- Classification: Protestant
- Orientation: Calvinist
- Region: Western New Guinea
- Headquarters: Jayapura, Papua
- Origin: October 26, 1956; 69 years ago
- Members: 650.000 (2012)
- Tertiary institutions: Sekolah Tinggi Filsafat Teologi GKI Izaak Samuel Kijne

= Evangelical Christian Church of the Land of Papua =

Christian denomination in Indonesia

Evangelical Christian Church of the Land of Papua (Gereja Kristen Injili Tanah Papua, abbreviated as GKITP) is a Protestant denomination in Indonesia, particularly in western Papua region.

The denomination is the single largest church in Irian where about 30% of the population belong to it.

Its motto is from the Epistle to the Ephesians 5:8 "For once you were darkness, but now in the Lord you are light. Live as children of light" (NRSV). In the areas of human rights and politics in the region, the church plays a significant role. It has a presbyterian-synodal model of church government, the synod is the highest governing body.

The church had 650,000 members and 1869 parishes. The church belong to the World Communion of Reformed Churches

== History ==
In 1855 two German missionaries arrived in northwestern Irian. This was the Gossner Mission. In 1962 the Utrechtische Zendingsvereeining of the Reformed Church in the Netherlands took over the work. Dutch missionaries assisted by teachers and preachers from other islands.
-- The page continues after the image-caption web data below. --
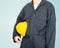Worker standing in blue coverall holding yellow hardhat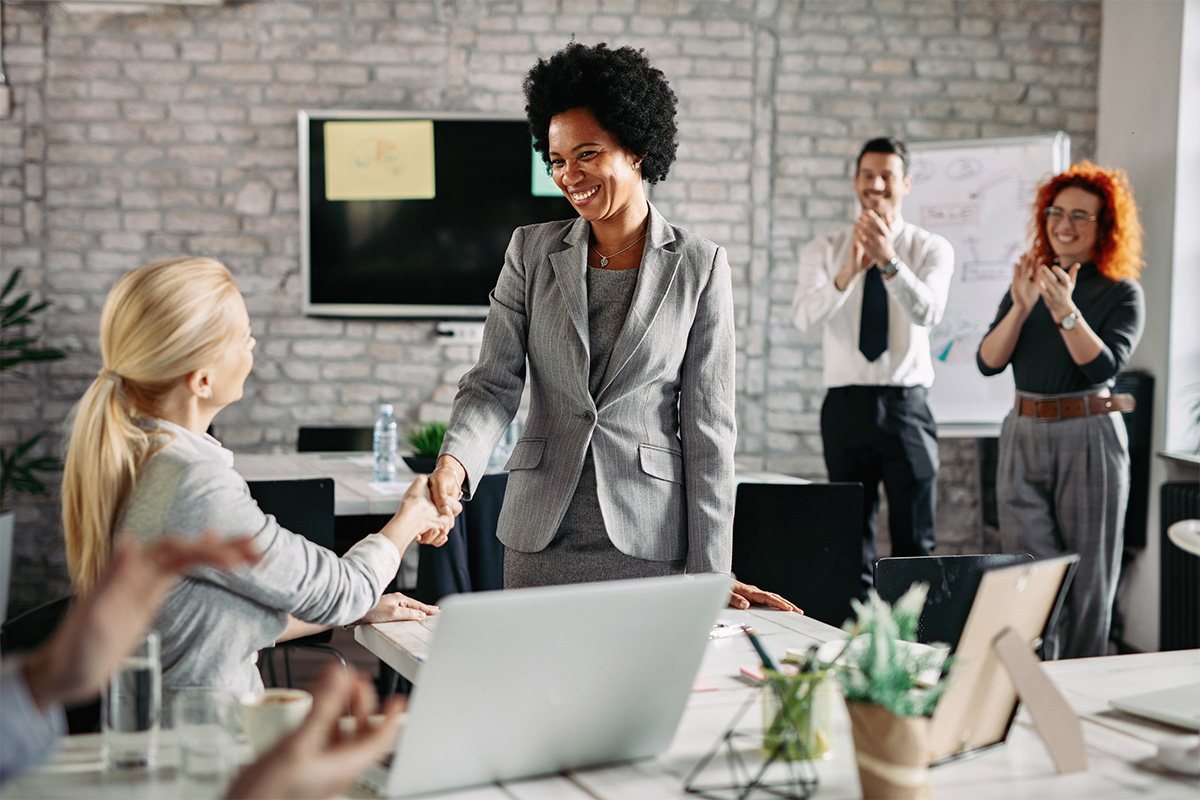 Two women in business suits shake hands while onlookers applaud.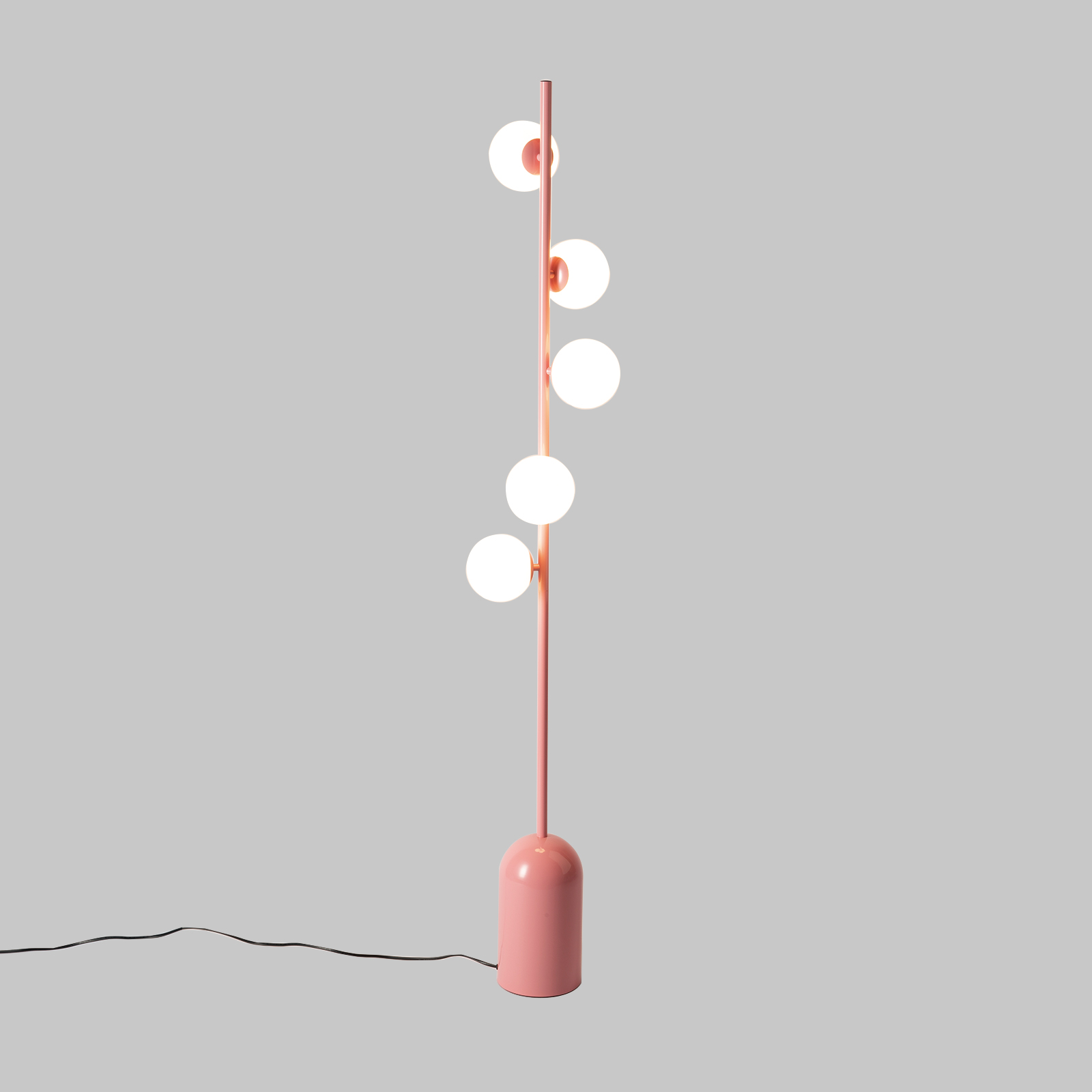 Una lámpara de pie rosa con cinco bombillas esféricas sobre fondo gris.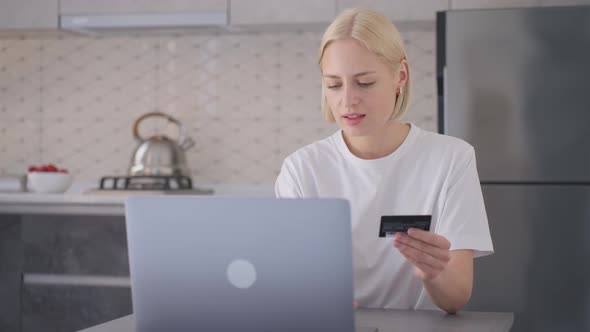 Young Blonde Woman Holds Bank Card and Types Its Details on Laptop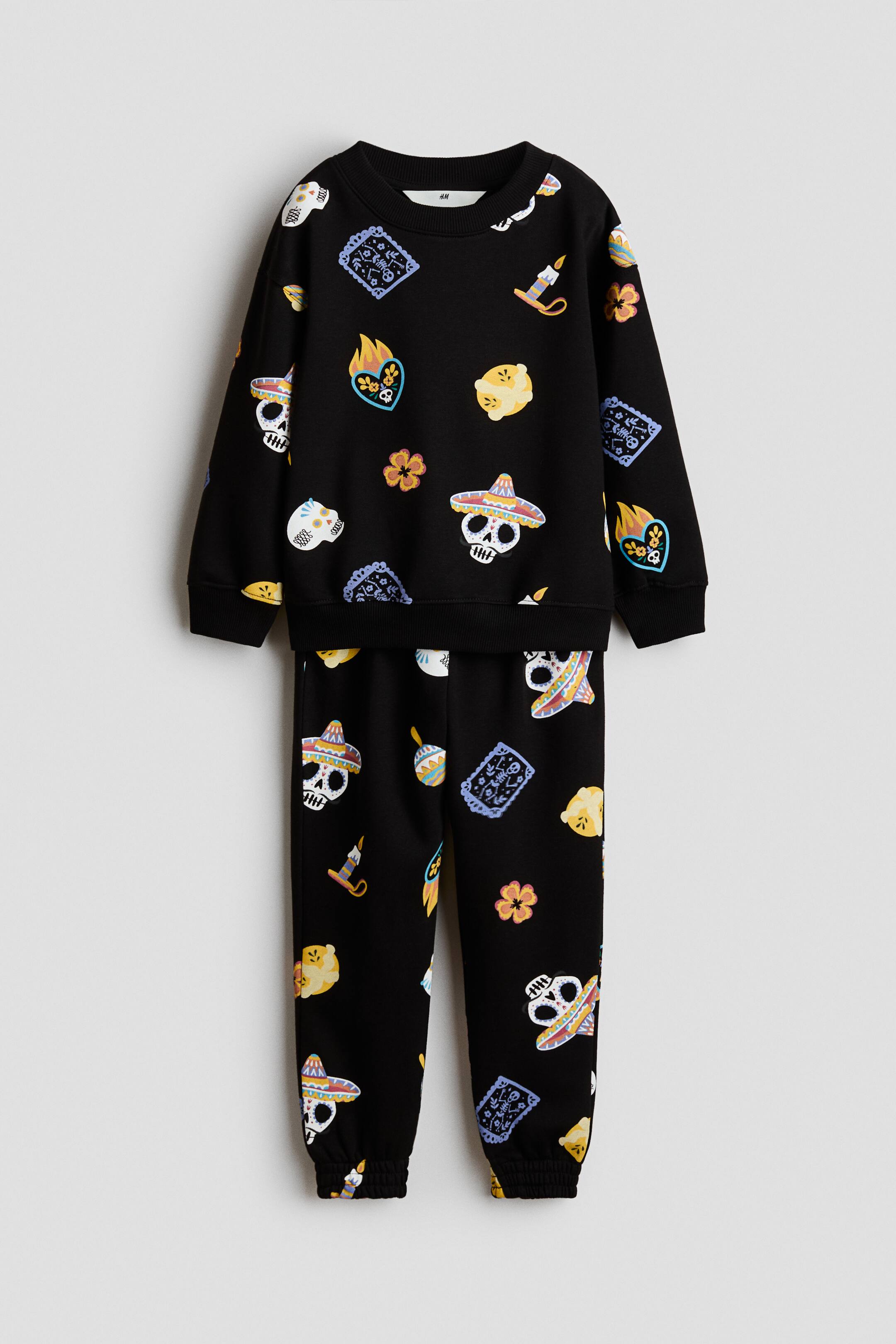 View larger image: A black two-piece loungewear set is displayed, featuring an allover colorful pattern of stylized skull motifs wearing sombreros, candles, flaming hearts, flowers, and rectangular patterned shapes. The crew-neck sweatshirt features long sleeves with ribbed cuffs and a ribbed hem, and the matching jogger pants feature ribbed ankle cuffs.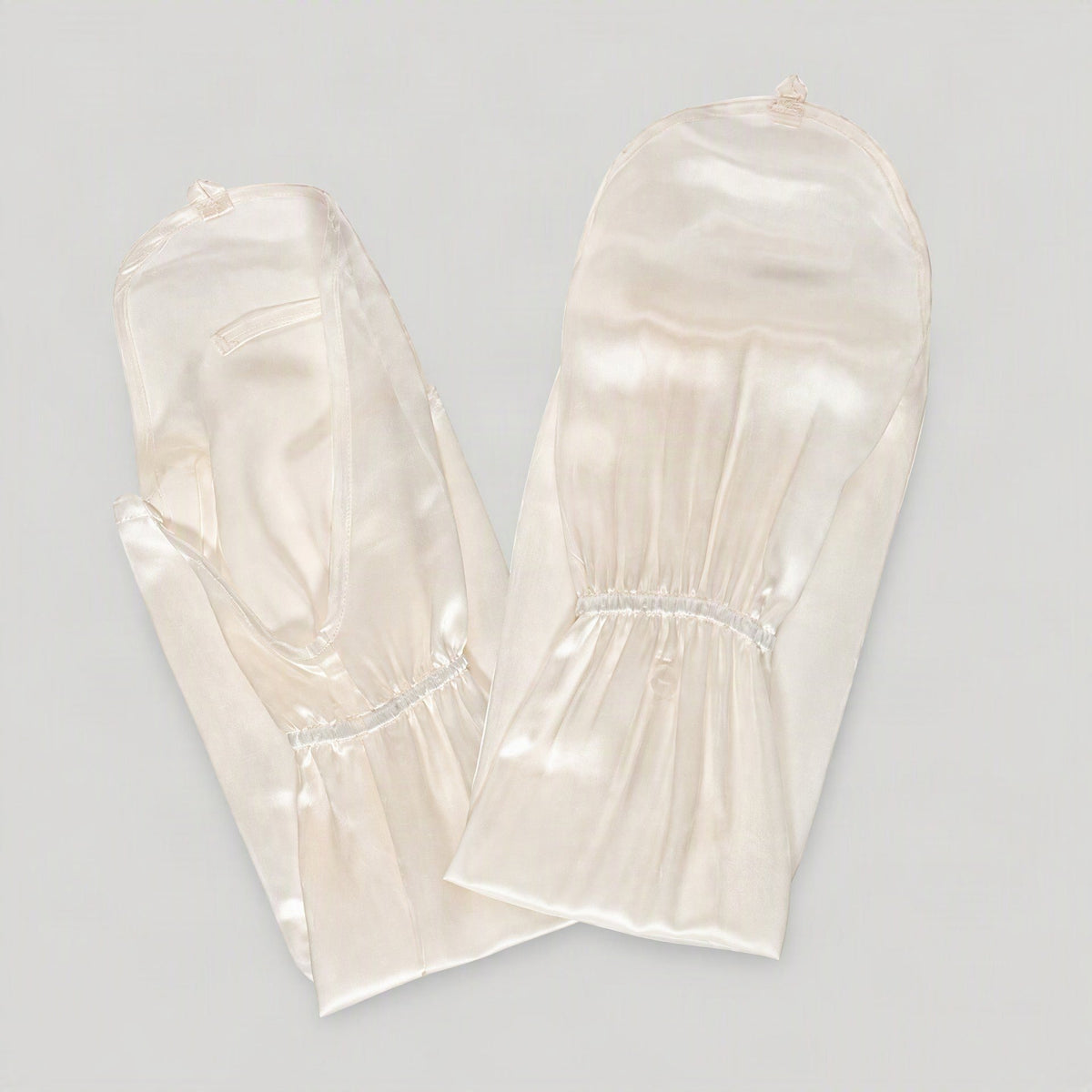 Pair of ivory mulberry silk UV arm sleeves with hand covers, laid flat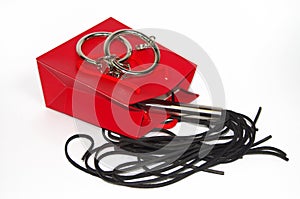 Red shopping bag with flogging whip and handcuff photo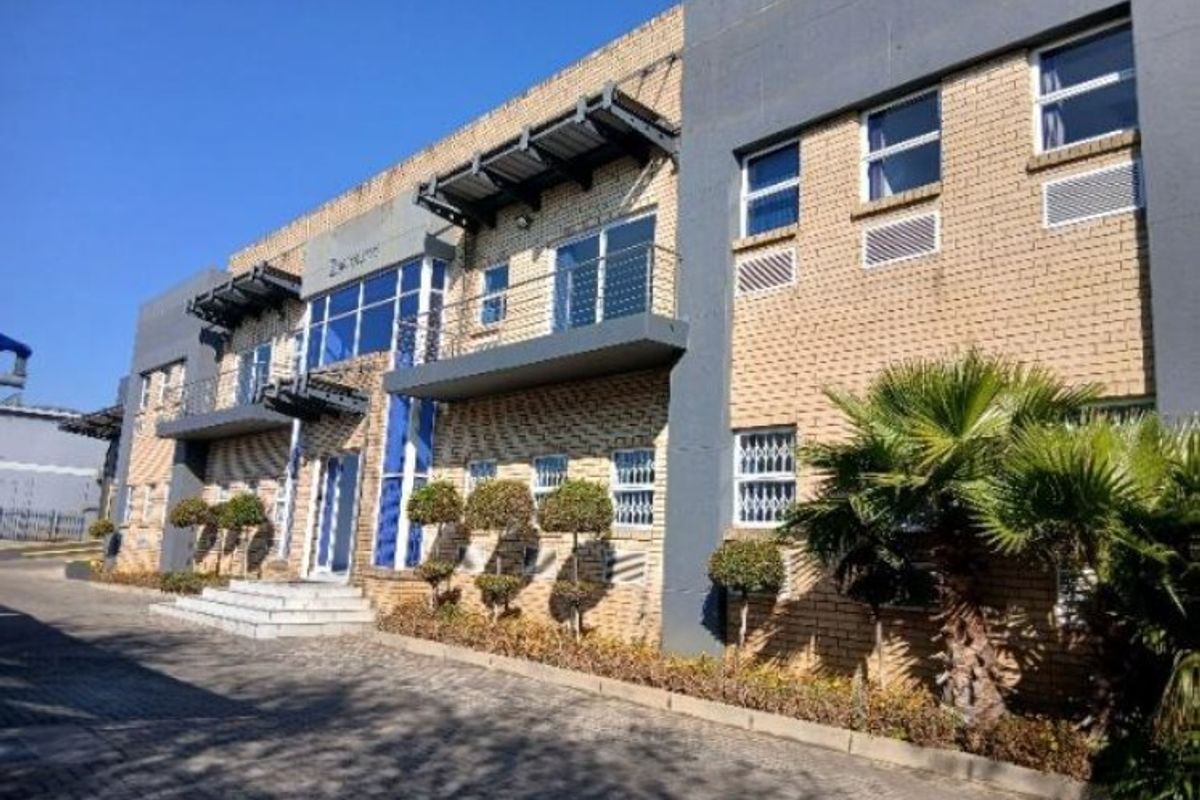 Modern industrial office building featuring a face brick facade, glass curtain walling, and integrated balconies with metal awnings.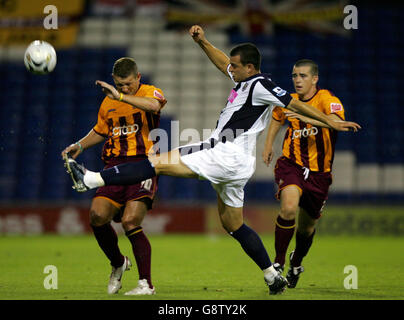 West Bromwich Albion's Neil Clement (C) clears ball away from Bradford City's Dean Windass (L) and Steven Schumacher during the Carling Cup second round match at the Hawthorns, West Bromwich, Tuesday September 20, 2005. PRESS ASSOCIATION Photo. Photo credit should read: Nick Potts/PA. Stock Photo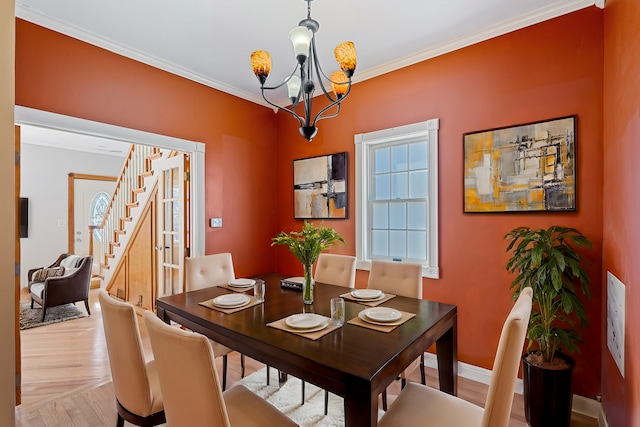 dining room featuring an inviting chandelier, baseboards, stairway, and ornamental molding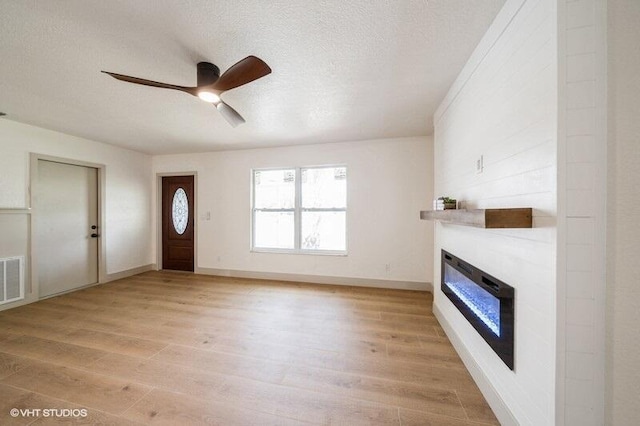 foyer with a large fireplace, ceiling fan, light wood-style flooring, and a textured ceiling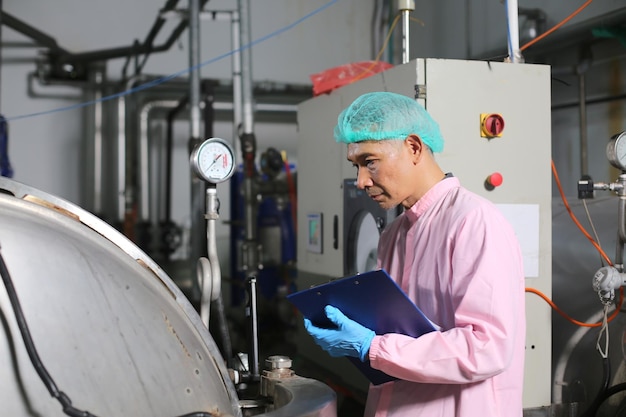 Worker controlling the work of machine in production line at beverage industry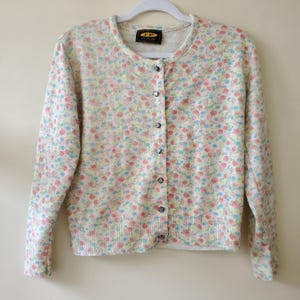May include: A floral print cardigan in pastel colors of pink, blue, and yellow. The button-down sweater has a round neckline and long sleeves. The garment is hanging on a white hanger. The label reads "FP Free People".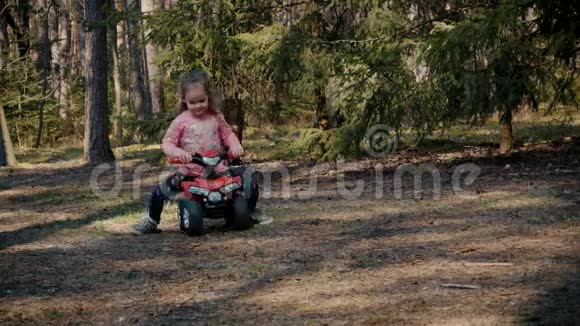 女孩骑在森林里的玩具四轮车上视频的预览图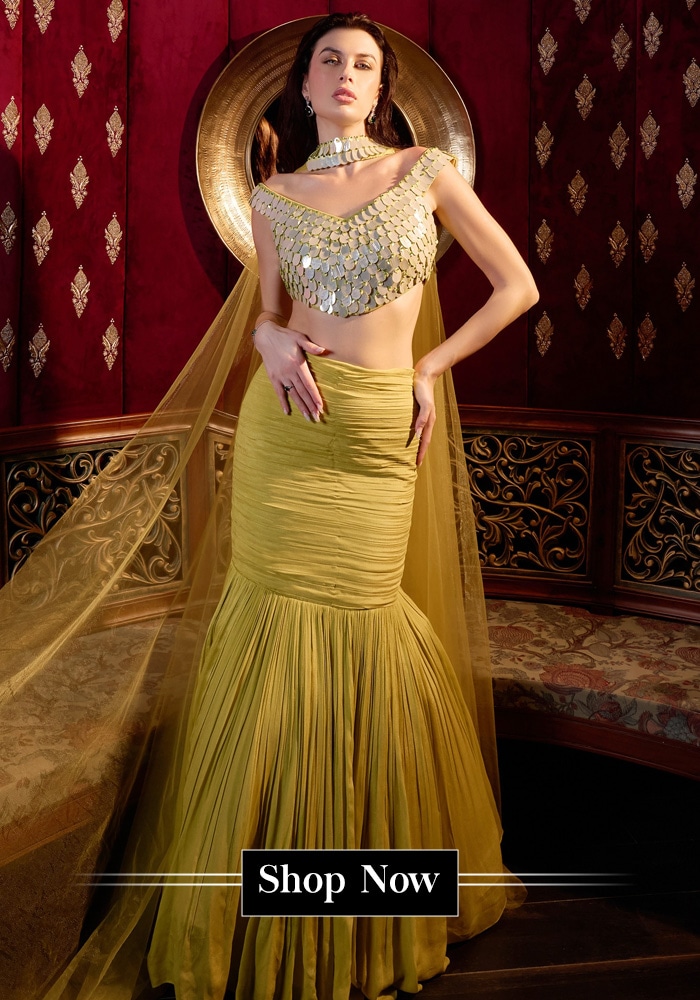 Model wearing a green fishcut style lehenga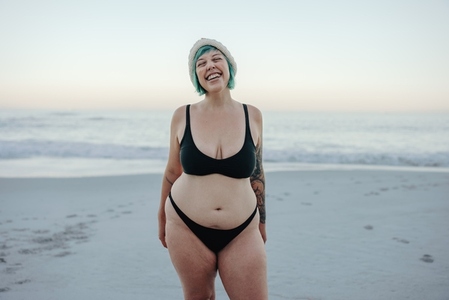 Carefree winter bather smiling with her eyes closed at the beach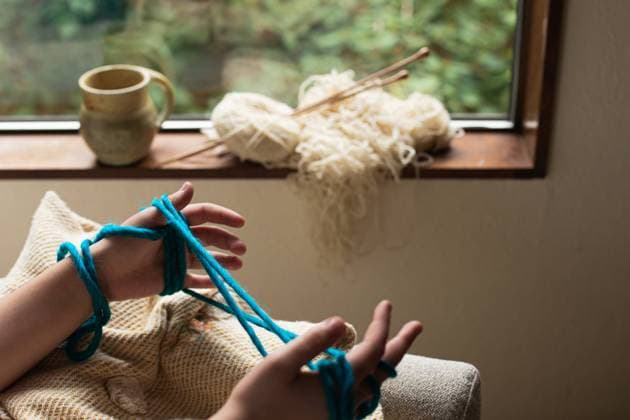 Teen girl touching blue yarn by window with mug of tea Seattle, Washington, United States CR_AAGC240220-1354564-01 ,model released, Symbolfoto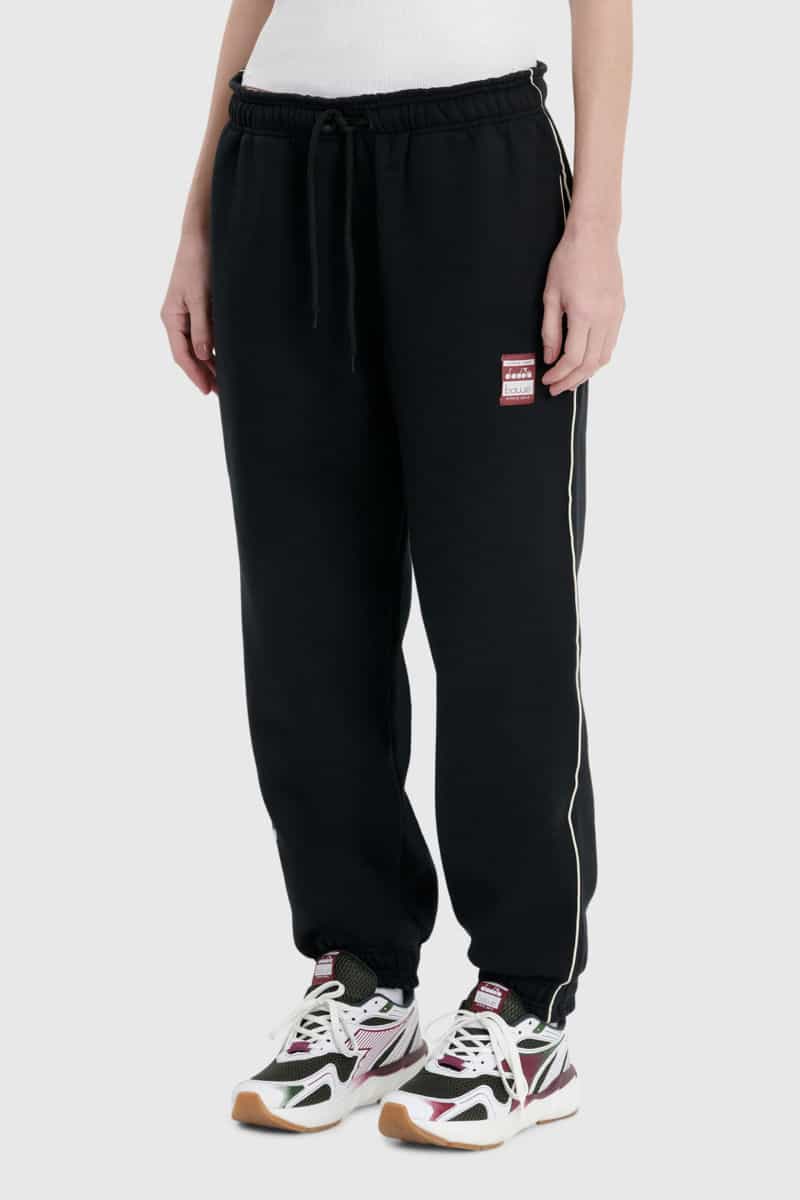TEXTIL CALCA ESPORTE UNISSEX PRETO 0089989-040 TRACK BAW X DIADORA POLIESTER-1761142717780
The work progressed slowly. In 1907 a great revival started, and there were thousands of converts. The mission spread to the whole island. The period between 1907 and 1942 was gradual development. During the Japanese invasion no General Assembly was held. In 1950 the first Irianese were ordained. In 1956 the first Synod was held and seven years later the Dutch missionaries left the island.